Comment donc me suis-je trouvé à Soufanieh soudain? Cela nécessite un témoignage que je donne, bien que tardivement:

Cela date de l'hiver 1985. Je me trouvais à Khabab, pour l'enterrement d'un ami. Aussitôt après, je m'en allais - comme j'ai toujours l'habitude de faire - à l'archevêché pour voir Mgr Boulos Bourkhoche, l'évêque du lieu, et ses vénérables prêtres. Je leur porte à tous un très profond respect et je me sens lié à eux par une profonde affection.

Je constate ce jour-là que l'archevêché était plein de visiteurs. Je sus que Myrna et son mari Nicolas étaient les hôtes de l'archevêché et que des foules venaient participer à la prière qui avait lieu à la chapelle de l'archevêché. J``y passai un moment, puis j'accompagnai Son Excellence et ses prêtres à l'eglise-cathédrale pour assister aux Grandes Complies.
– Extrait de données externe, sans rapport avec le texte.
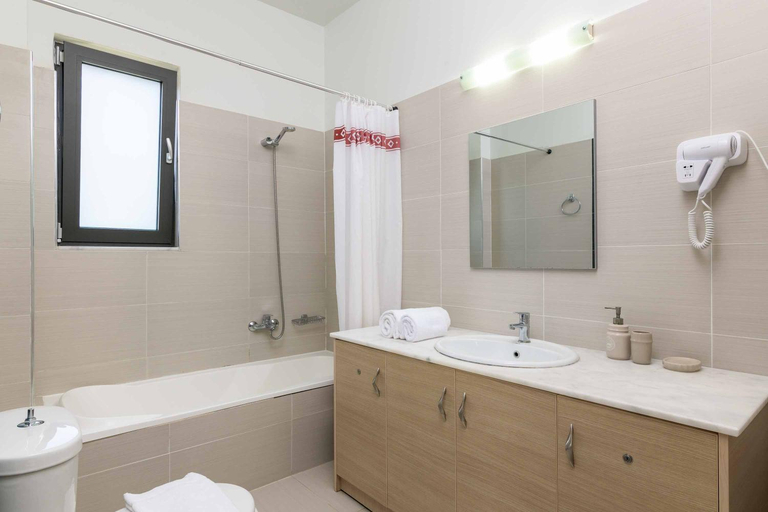 Bathroom 3, Villa Mariani, South Aegean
Après la prière, nous revînmes à l'archevêché. Si j'ai bonne mémoire, le frère de ma femme, M. Ghazi Al-Khoury, nous accompagnait. J'entrai avec Monseigneur pour lui dire au revoir, tandis que Ghazi était resté dans la cour extérieure. A peine étions-nous entrés que quelqu'un vint nous dire : «Monseigneur, la Vierge est là à pleurer et nous avons placé l'image dans la chambre du P. Mouaffak (le Père vicaire)»

Je me dirigeai, avec Monseigneur, le P. Mouaffak et M. Georges Zaraane, vers la chambre à coucher du Père vicaire, qui se trouve dans le coin sud-ouest de l'évêché. J'y vis une grande image de la Sainte Vierge, adossée au mur oriental de la chambre, sur une table ou un placard - je ne m'en souviens plus. Deux larmes descendaient des yeux de la Vierge. Aussitôt, le P. Mouaffak entonna le chant: "Seigneur, sauve ton peuple..." Nous chantâmes avec lui.
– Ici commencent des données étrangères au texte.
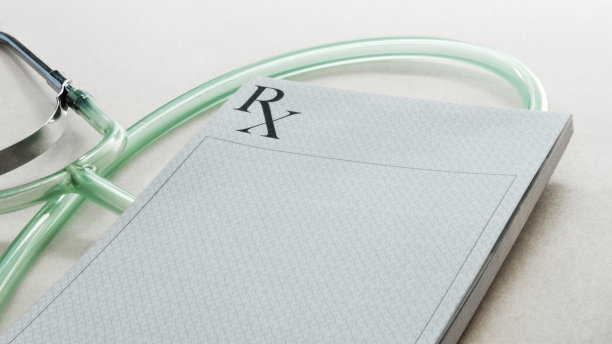 处方垫与听诊器图片下载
Puis, le P. Mouaffak apporta une caméra et prit plusieurs photos. Je profitais du fait qu'il n'y avait personne d'autre dans la chambre pour observer l'image sous tous les angles et j'en examinais tous les détails, sans du tout douter de la vérité de ce que je voyais.
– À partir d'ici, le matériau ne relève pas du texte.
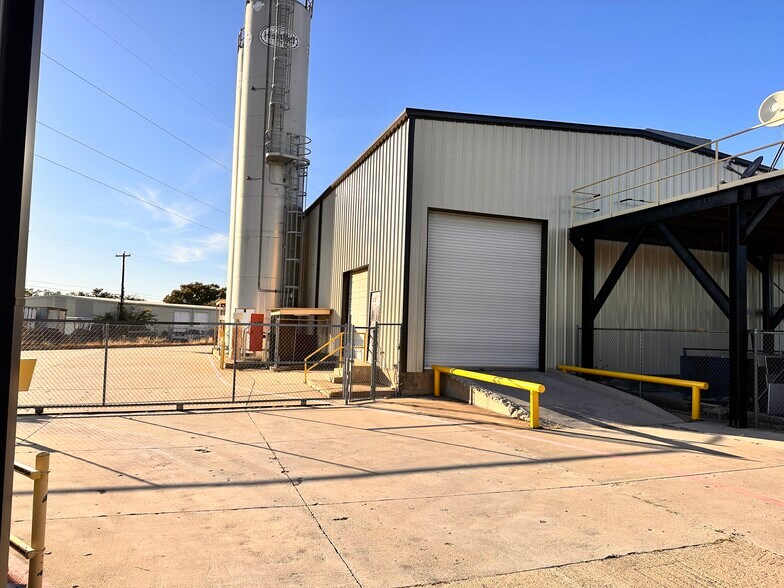 More Photos Of 418 E Jones St, Lewisville Manufacturing For Lease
Deux choses attirèrent mon attention :

La première : La trace des larmes remplissait la surface totale des deux yeux. On aurait dit que les deux yeux étaient remplis de larmes avant qu'elles n'aient coulé.

La deuxième : Sur l'extérieur de l'image, aucune trace d'huile, soit sur le verre, soit sur les trois côtés du cadre, ceux de droite, de gauche et du haut... alors que je voyais l'huile sourdre de l'intérieur de l'image, au point de jonction du verre avec le côté inférieur du cadre en plastique, au point de s'agglutiner sur cette partie du cadre, puis de glisser lentement sur le support en marbre de l'image, retombant sous forme de gouttes qui se condensaient au milieu, à droite et à gauche de ce support. Je n'eus pas un instant l'idée de compter le nombre de gouttes que j'ai vu tomber dans la cupule, tellement j'étais pris par le spectacle de cette petite source jaillissant de cette petite icône...

Gloire à Dieu, et merci à la Vierge qui nous ont permis de voir ces merveilles!

Le général en retraite Georges BDÉOUI Damas, ce 11 décembre 1987.